(TASK INSTRUCTIONS)
Word for word, restate the listing that follows and leave out the images.
(Beginning of EXERCISE DATA)
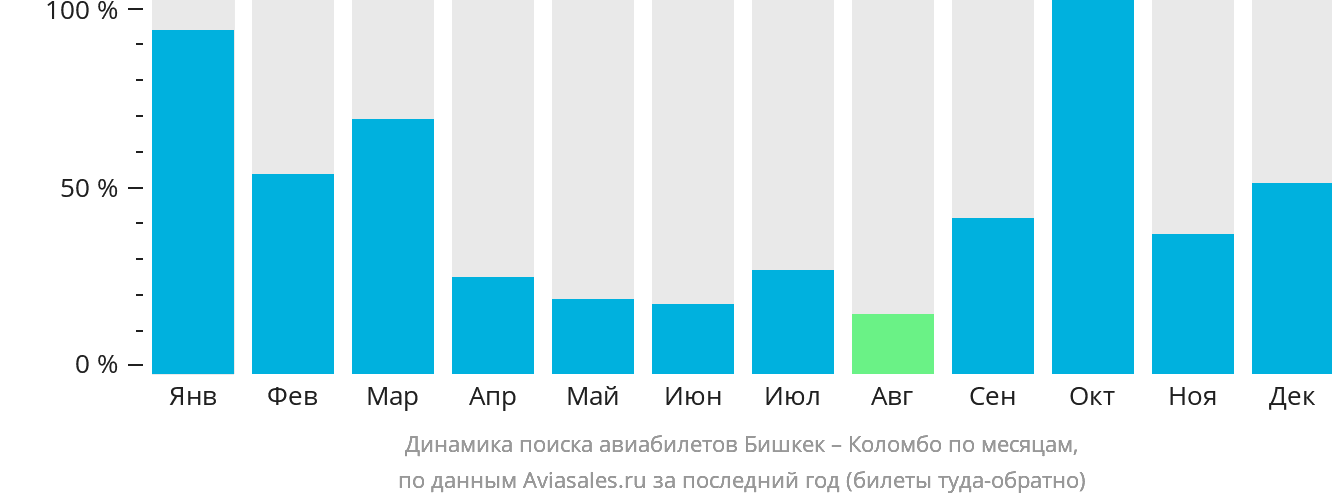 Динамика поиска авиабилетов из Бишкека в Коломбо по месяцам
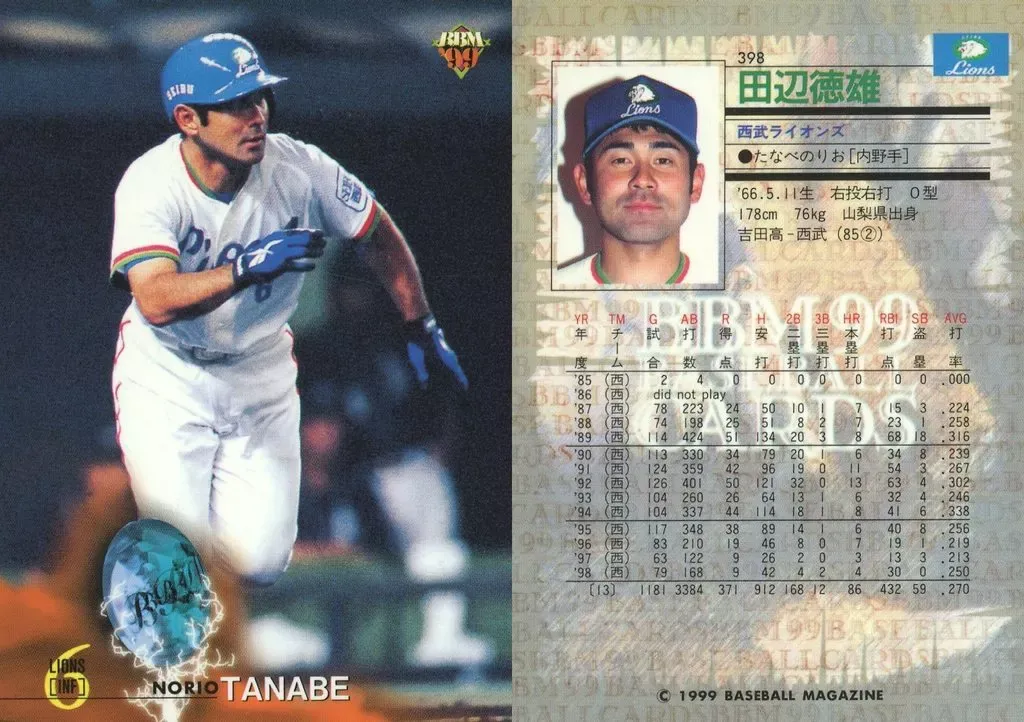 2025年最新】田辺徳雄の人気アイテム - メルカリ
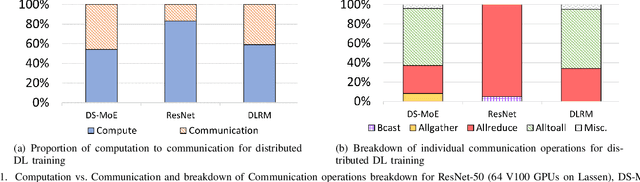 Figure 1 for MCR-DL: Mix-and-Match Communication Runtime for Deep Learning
(End of EXERCISE DATA)
(SOLUTION)
 Динамика поиска авиабилетов из Бишкека в Коломбо по месяцам
 2025年最新】田辺徳雄の人気アイテム - メルカリ
 Figure 1 for MCR-DL: Mix-and-Match Communication Runtime for Deep Learning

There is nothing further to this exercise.